All Blacks heavy favorites to win series despite loss on weekend
Ireland have won three out of their last four matches against the All Blacks—a record no other team can currently boast.
Last weekend, they downed the three time World Cup winners 23-12 in their own backyard, leaving the home team flailing for answers and staring a series defeat in the eyes.
And yet, bookies are giving the New Zealanders an 80% chance of winning the third and final Test against Ireland, with odds of -400 for a Kiwi win, and only +300 for Ireland to come away victors.
With the series squared up at 1-1, and Ireland holding all the momentum, why are the odds so heavily in New Zealand’s favor?

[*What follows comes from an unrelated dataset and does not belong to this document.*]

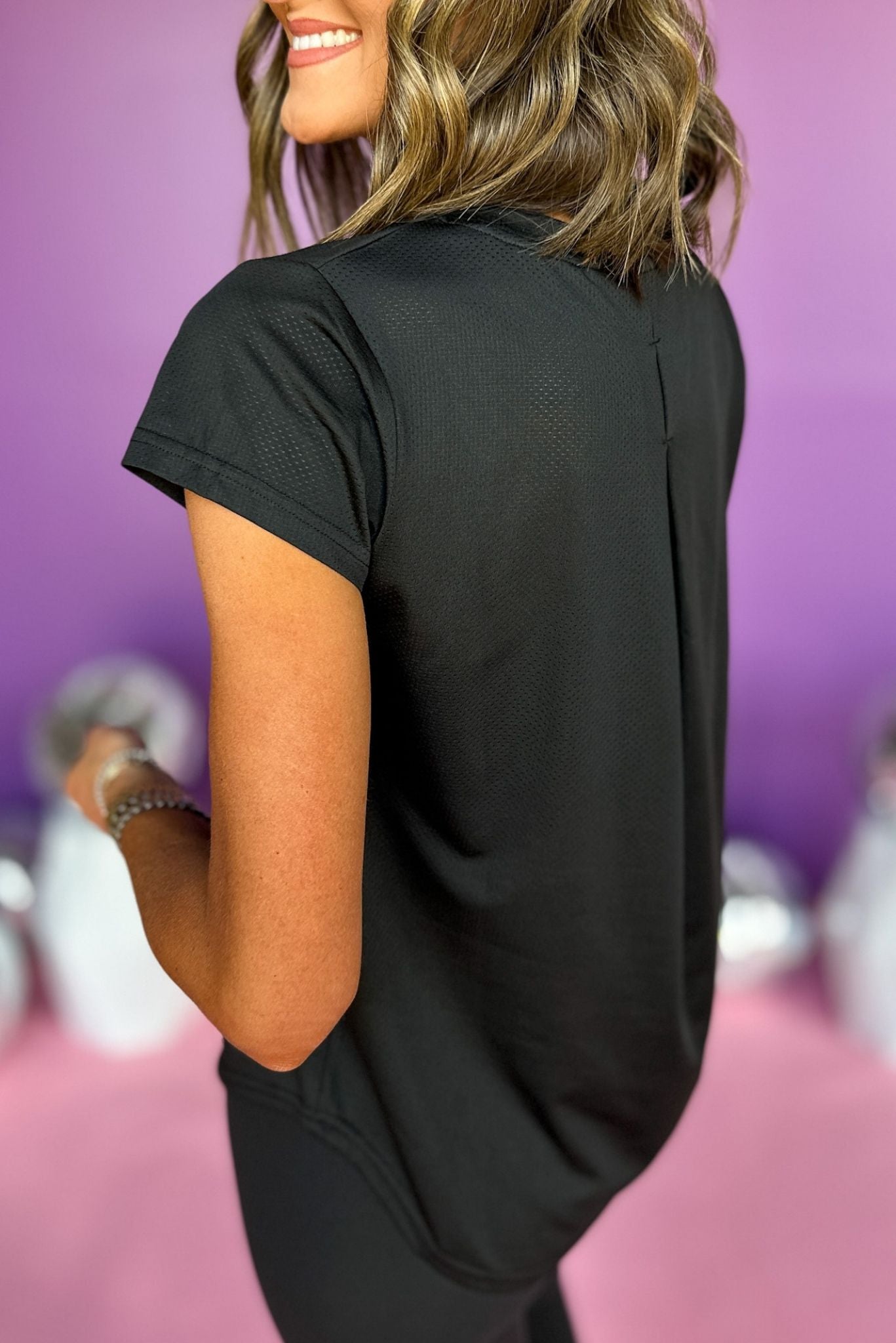 SSYS Black Short Sleeve Active Top, atleisure, short sleeve top, elevated style, shop style your senses by mallory fitzsimmons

Reputation as the comeback kings
New Zealand are the kings of bouncing back strong after a defeat.
You may read this and think: Hang on, what about last November, when the All Blacks lost to Ireland and France in consecutive weeks?
Point taken, however, one misnomer does not undermine the entirety of New Zealand rugby history.
The All Blacks are notoriously difficult to beat two weeks in a row, and more so at home. The last time a side beat them in consecutive weeks was 2009, when the All Blacks lost to South Africa away twice in a row. The clock has to be rewound another decade to come across the last time New Zealand lost back-to-back at home—1998, when South Africa and Australia both defeated the All Blacks in the space of a fortnight.
All this to say, the All Blacks have a reputation for problem-solving in the space of short time. Expect them to come out firing this Saturday, having addressed the areas where they fell short over the weekend.
Low-hanging fruit to be fixed
The past two weeks, Ireland have played well.
One week, they lost 42-19. The other, they won 23-12.
Inherently, this has to be encouraging for the All Blacks. They were the difference each weekend—in the first Test, they found another gear and executed incredibly for 20 minutes, blasting Ireland off the field with four quick tries. Last weekend, however, they capitulated, conceding two yellow cards and a red, as well as knocking the ball on and giving away penalties in clutch moments.
This week, they’ll be focused in on eliminating the handling errors and loose discipline. Do this, and all of a sudden, they’re back in the running against Ireland.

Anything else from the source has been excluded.